Review
by Scott Owens
WHAT TO DO WITH A DYING PARAKEET
Corey Cook
Pudding House, 2009
ISBN: 1589988299
I teach a series of workshops called “Writing Momentous Poetry,” by which I mean not poetry of great importance necessarily but rather poetry that explores and reveals the significance of particular moments in our individual and communal social, historical, and even fictitious lives. The workshops have produced a large number of outstanding poems from a wide range of writers. Although Corey Cook has never taken these workshops, he, like many successful poets, seems to have come to an understanding of the importance of focusing on moments without the benefit of the workshops. That understanding is wonderfully displayed in his chapbook, What to Do with a Dying Parakeet.
Somewhat ironically, what one is likely to remember after a first reading of Cook’s collection are two poems that seem to be outside the primary thematic and narrative flow of the book. “What to Do with a Dying Parakeet” and “Resuscitation Annie” are both quirky, original, and very memorable. And neither of them seem to fit in a book dedicated to the author’s grandmother and in which nearly every other poem deals with the speaker’s grandparents and other family experiences. These two poems do, however, dovetail nicely with the modus operandi of the other poems in the way they focus tightly on the details, imagery, and experience of a single moment.

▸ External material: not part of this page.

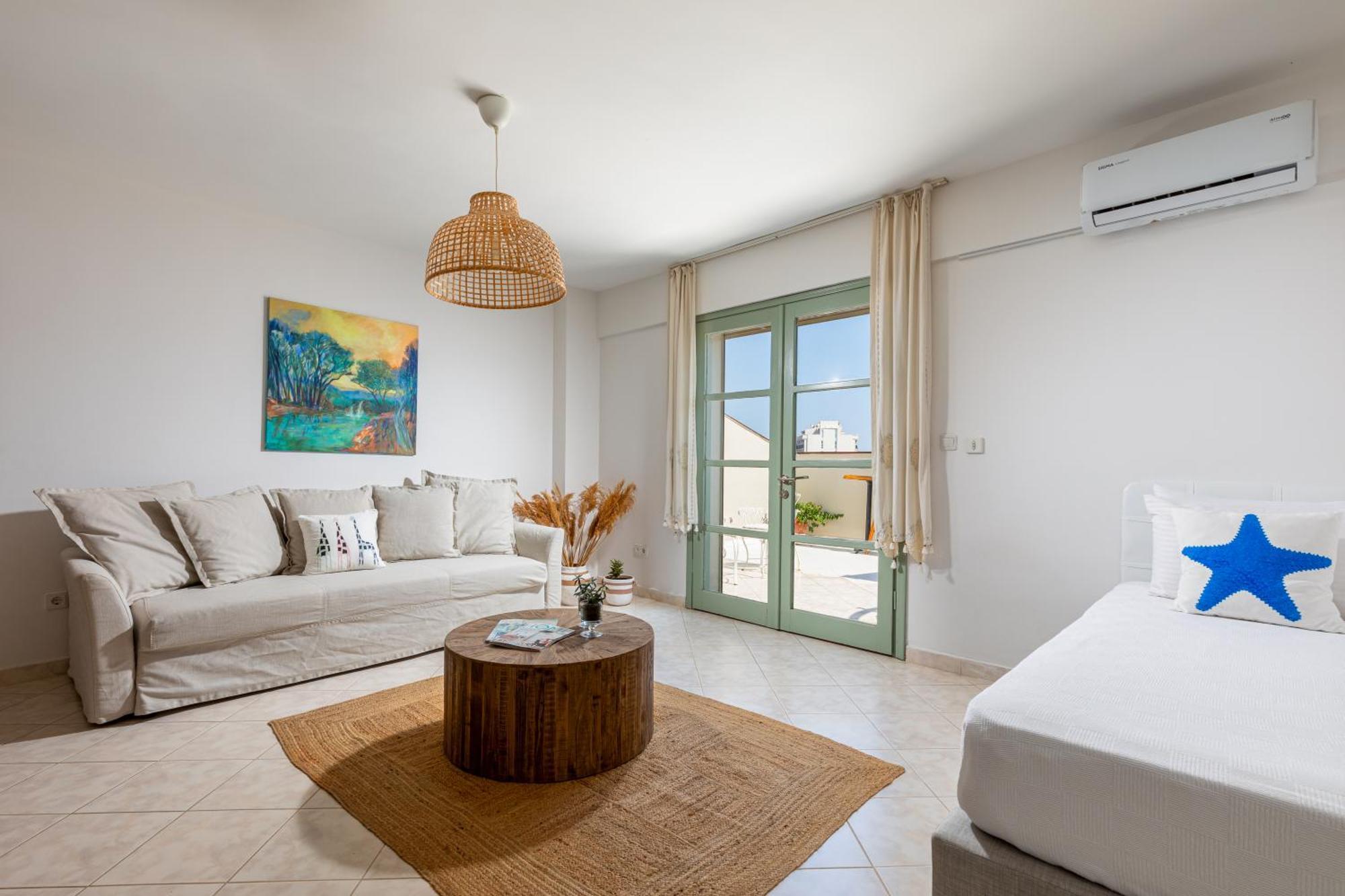 Cumbalica Beach Hotel Çeşme Exteriör bild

“Resuscitation Annie,” the most surreal of these poems, uses the metaphor of a person trying to revive a CPR practice doll to make a comment on co-dependent relationships and how the “liveliness” of the dependent partner can only surface when the provider no longer fulfills that role:
She kept taking from me
and I kept giving.
I should have known better.
she had no lungs, no heart
to jump start. I finally gave up
and rested my sweaty cheek
on her chest only to be woken
by someone’s breath
on the back of my neck.
Similarly, “What to Do with a Dying Parakeet” has a bit of a surreal quality as two people consider the various ways they might euthanize their dying parakeet:
We could drop a rock on him,
drown him in the sink, poison
him with household products, hold
him inches from the exhaust pipe
of Mom’s running car.
Both poems focus on human incapacities and the moment of resolution.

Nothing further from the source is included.